Most CMOs have realised that ‘tech-first’ is largely worthless without a solid understanding marketing fundamentals. And most consultants are nothing more than spruikers for Adobe, Salesforce et al.
I’d take Mark’s extensive experience of building brands over tech consultant lifers any day.
+1
There’s at least a dozen seasoned CMOs looking for a proper gig at the moment. Many of them ignored tech entirely, others cocked up the implementation because understanding it ended at a powerpoint presentation, and a remaining few thought changing ad agencies and/or brand refresh would replace the need to fix their crappy customer experience.
These terminally unemployed types can rely on the occasional speaker gig to do some chest beating though!
There’s “at least a dozen seasoned CMOs looking for a proper gig at the moment”. What the hell does that have to do with anything? In your view – from a distance – they ignored tech? There could be hundreds of reasons they aren’t in work, most of which neither you nor I would have a clue about.

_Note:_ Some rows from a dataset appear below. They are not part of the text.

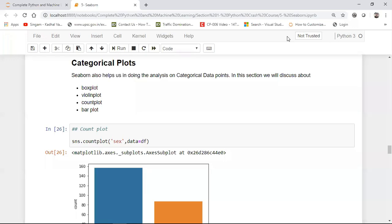Hello, my name is Krishna and welcome to my YouTube channel. We continue the discussion with respect to Seaborn. And now we are going to discuss categorical plots.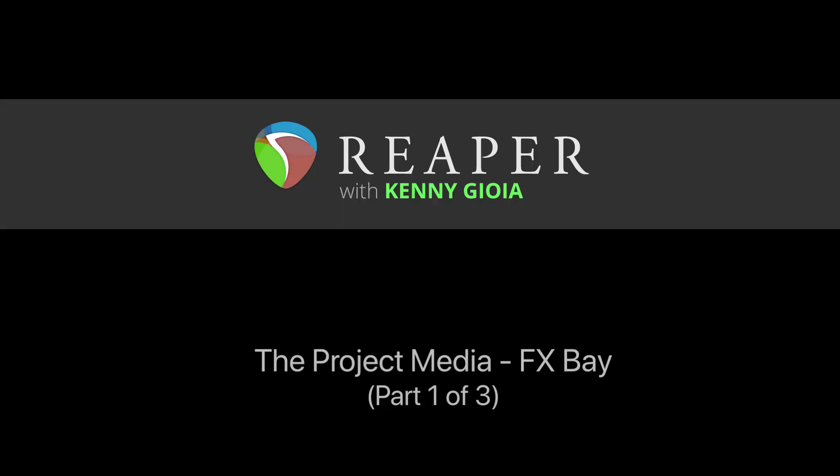So that's part one of the project media effects bay in Reaper. Hope you learned something. Hope you could use it. And I'll see you next time. Thanks.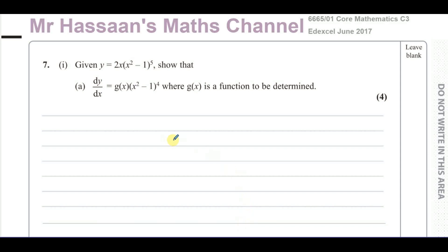Welcome back, this is Mr. Hassan's Maths Channel. I'm answering a question from one of the old papers from C3, from the Edexcel June 2017 paper, and this relates to P3 differentiation.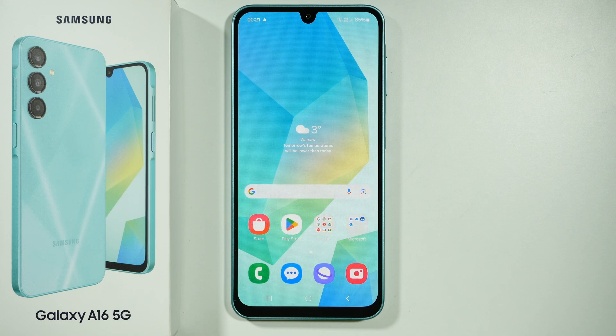Hello, if you want to get live animated wallpapers on Samsung Galaxy A16 5G, we can use TikTok as an app that provides this feature.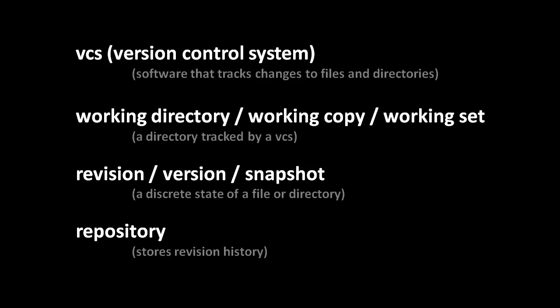In the terminology of version control, we have what is called the working directory or the working copy or the working set, I'll usually say working directory, which is simply the directory which is being tracked by the version control system. It's the directory which contains all the files of our project, and it's called the working directory because it's where we do our work. We go in there, we create new files, we delete files, and we edit files. And then having done a few hours worth or a day's worth or a couple days worth of work, good practice then is to take a snapshot of our working directory to record a version or revision of our project.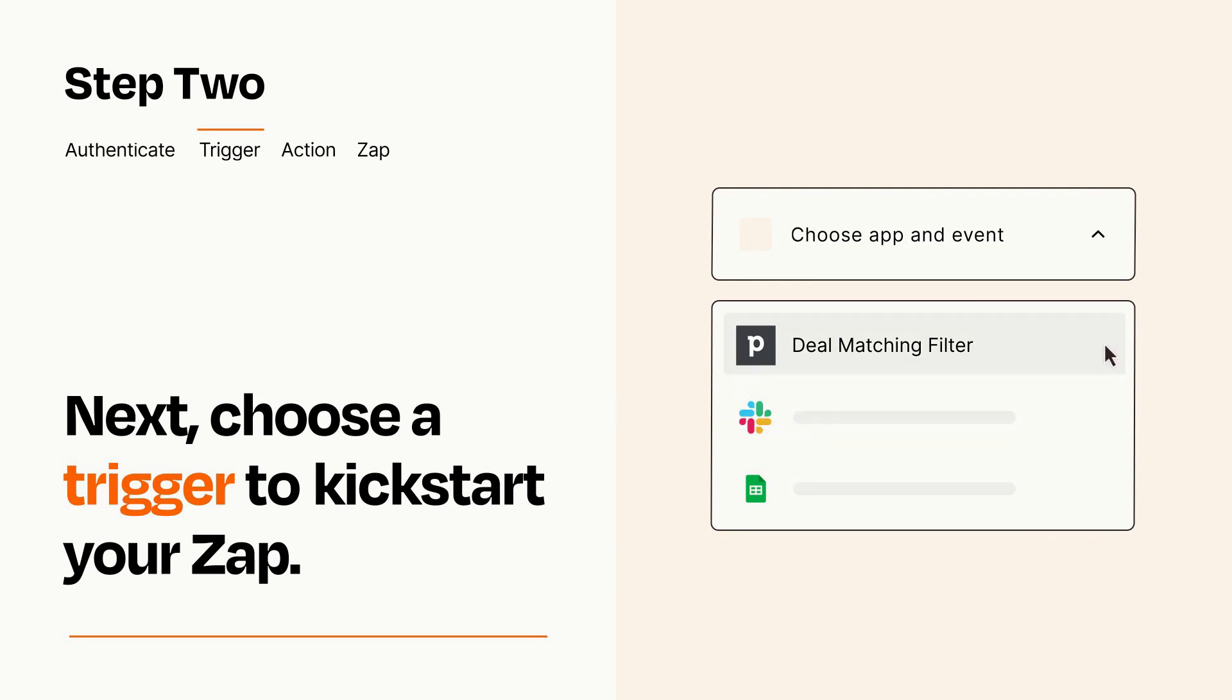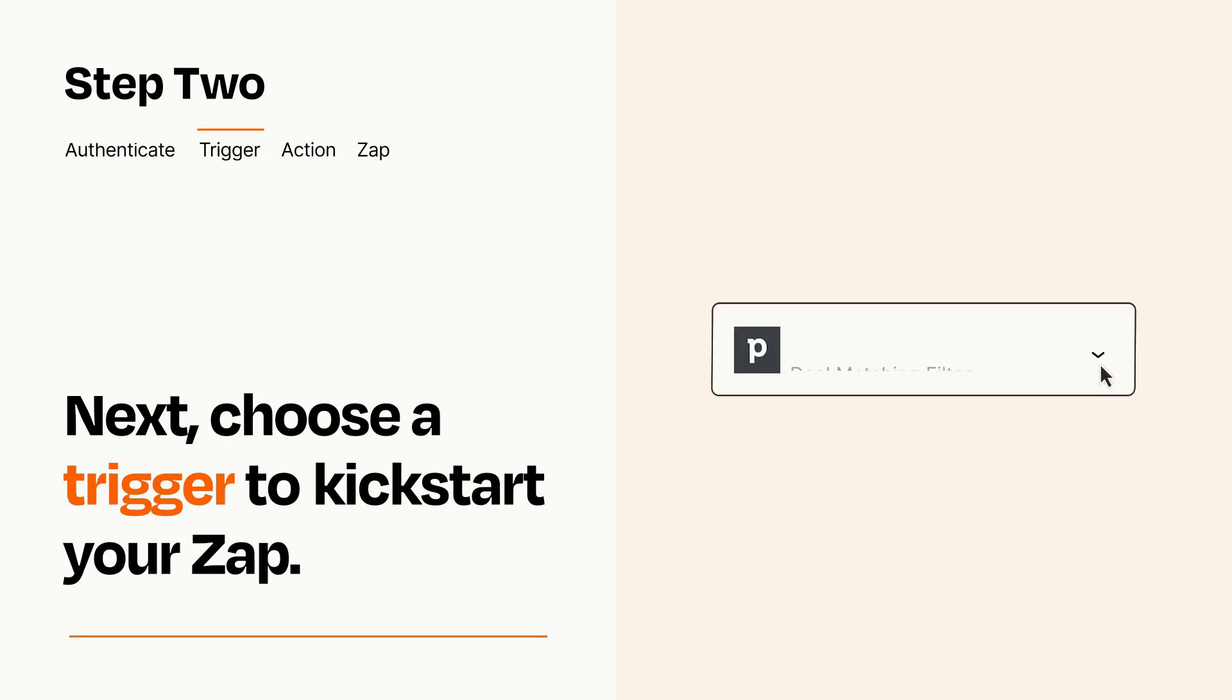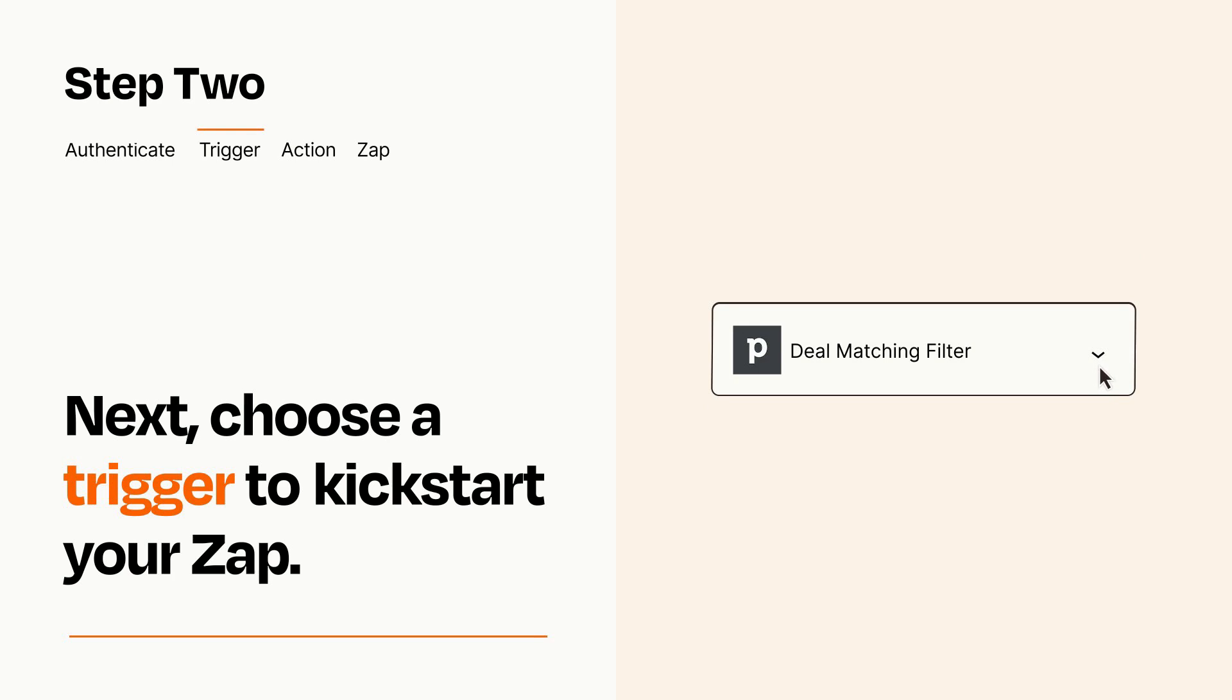When you set up this step, your Zap will pull in test data from your trigger app that you'll see later when setting up your action app.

There are hundreds of ‘digital transformations’ where the benefits have been oversold (& never realised) and the implementation has been carried out by a bunch of lifer consultants who have little understanding or experience in actually delivering a marketing program. The failure rates of these programs are well known and it can’t be ‘the client is an idiot’ in all of these instances. Failure rates of over 50% suggest a systematic industry failure.
So, back to the original point.
I’d back Mark’s track record of growing brands – including both his clients’ and that of The Monkeys – and Accenture’s choice to appoint him as CEO of AI over the opinion of the Peanut Gallery every time. It is what the market needs: a proven marketing talent who understands the connection between all facets of marketing and commercial success.
What’s the collective noun for 70 under performing Managing Directors?
A waste.
A cluster?
A consultancy?
A WPP?
Comment of the year, surely.
I wouldn’t trust my marketing to an agency (or accountants) that lets the phrase “70 under performing managing directors” into the press.
the economy is struggling and most companies are finding it hard to hit their numbers.
“This will affect a very small percentage of our workforce in ANZ.”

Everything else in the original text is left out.